#### What is required
Give the data again exactly, without its images.

Material provided: Begin

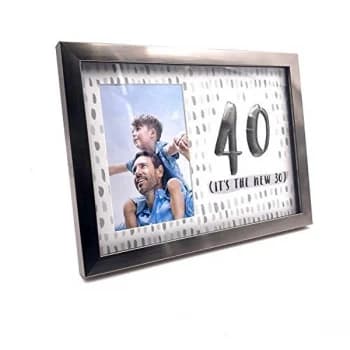 4" x 6" - Luxe Male Gunmetal Birthday Frame - 40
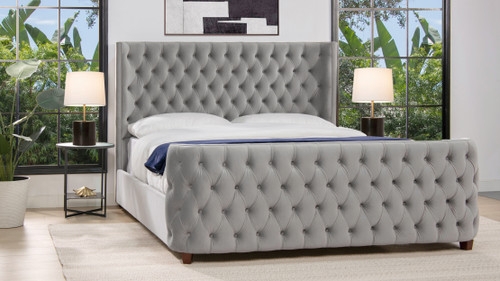 Upholstered Wingback Bed with Diamond Tufting and Oatmeal Fabric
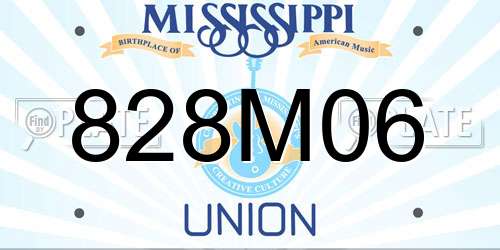 828M06 Mississippi License Plate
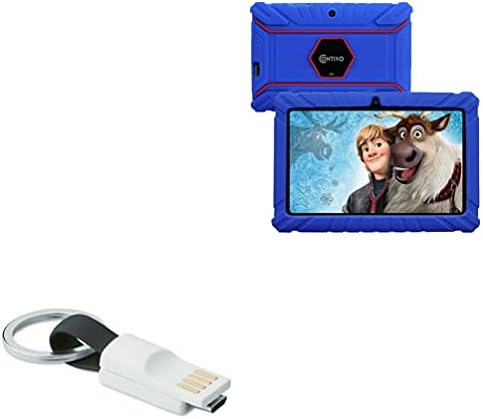 BoxWave Cable Compatible with Contixo Kids Learning Tablet V8-2 - Micro USB Keychain Charger, Key Ring Micro USB Cable - Jet Black image 3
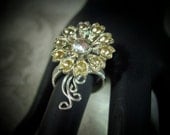 Vintage Rhinestone Cocktail Ring - Size 6-8 Adjustable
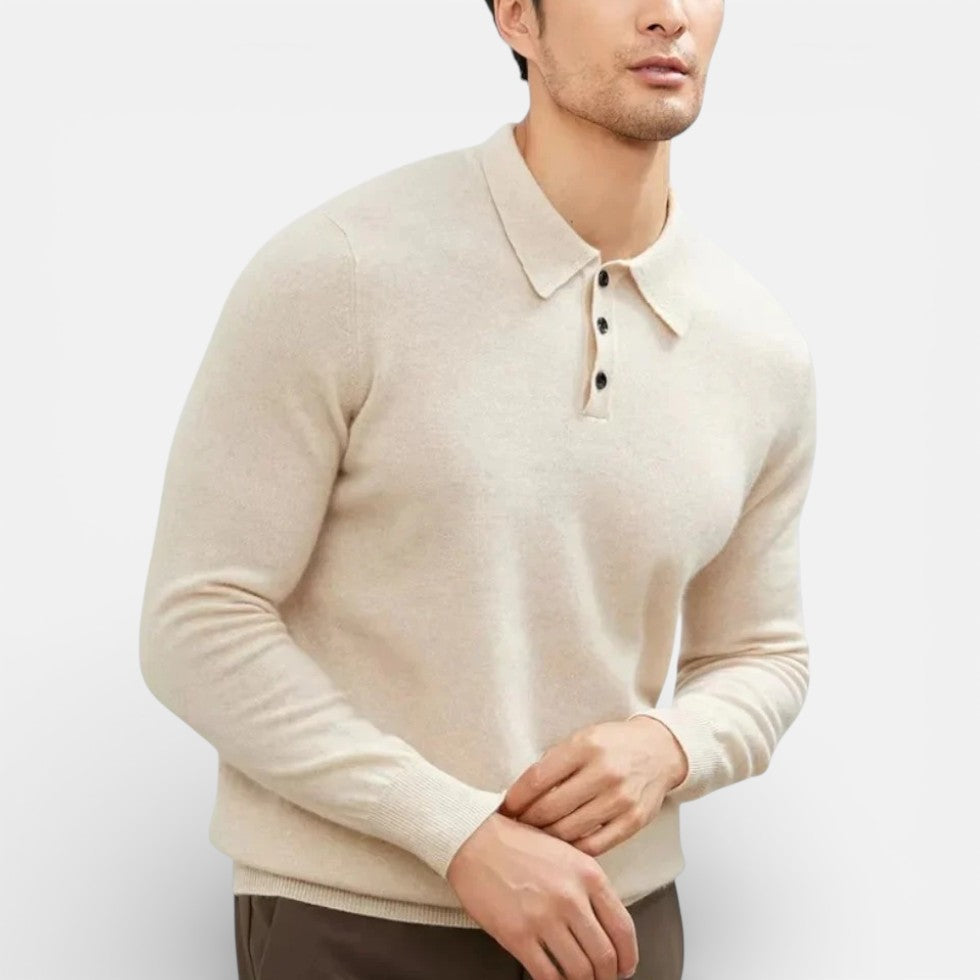 Long Sleeve Knit Polo Sweater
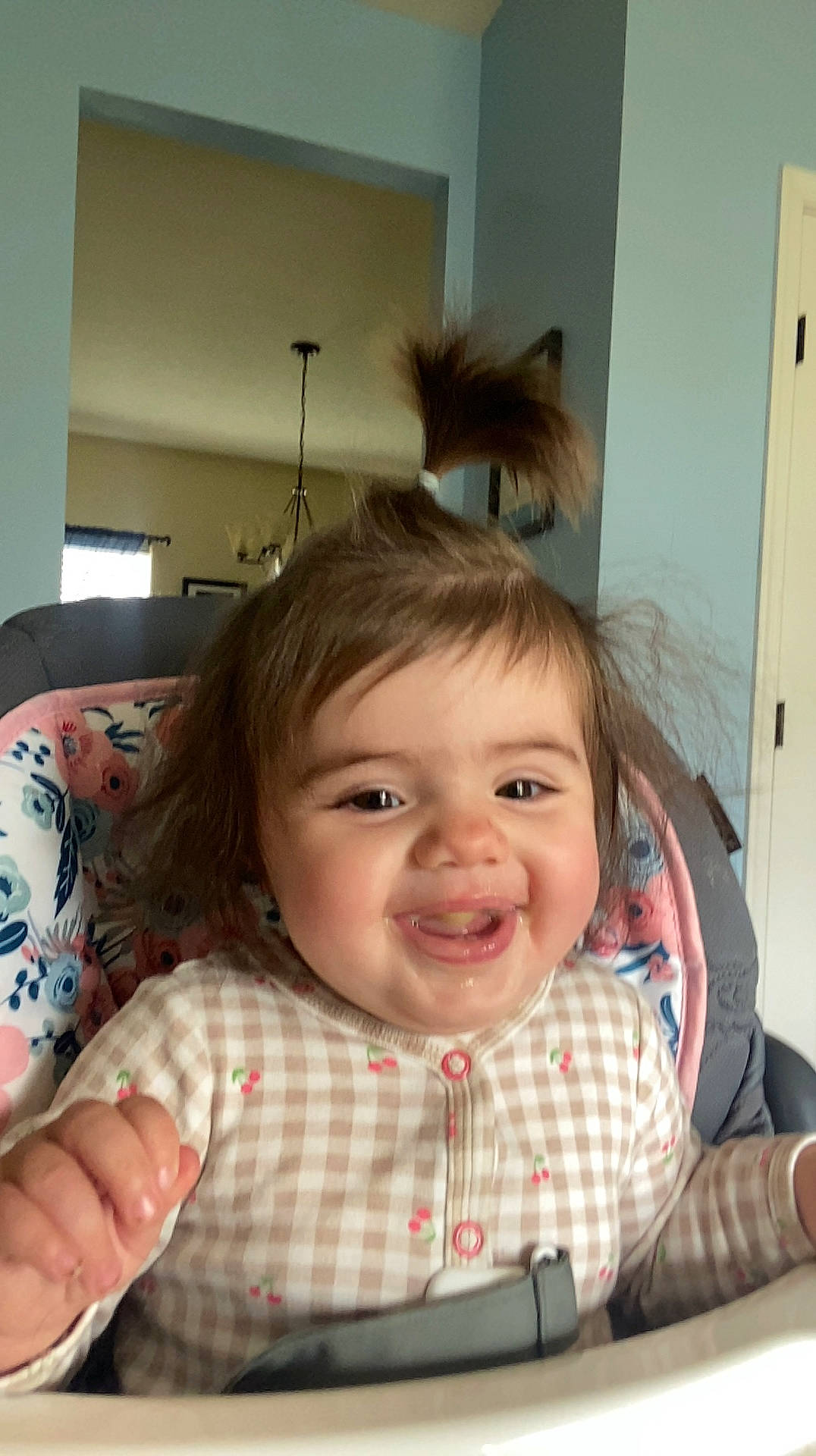 Leighton is registered to the contest to win money with this photo: baby, baby_toddler_clothing, cheek, child, chin, eyelash, facial_expression, fun, hairstyle, happy, iris, joy, lip, mammal, nose, person, plaid, skin, sleeve, smile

Material provided: End

#### Response for this exercise
 4" x 6" - Luxe Male Gunmetal Birthday Frame - 40
 Upholstered Wingback Bed with Diamond Tufting and Oatmeal Fabric
 828M06 Mississippi License Plate
 BoxWave Cable Compatible with Contixo Kids Learning Tablet V8-2 - Micro USB Keychain Charger, Key Ring Micro USB Cable - Jet Black image 3
 Vintage Rhinestone Cocktail Ring - Size 6-8 Adjustable
 Long Sleeve Knit Polo Sweater
 Leighton is registered to the contest to win money with this photo: baby, baby_toddler_clothing, cheek, child, chin, eyelash, facial_expression, fun, hairstyle, happy, iris, joy, lip, mammal, nose, person, plaid, skin, sleeve, smile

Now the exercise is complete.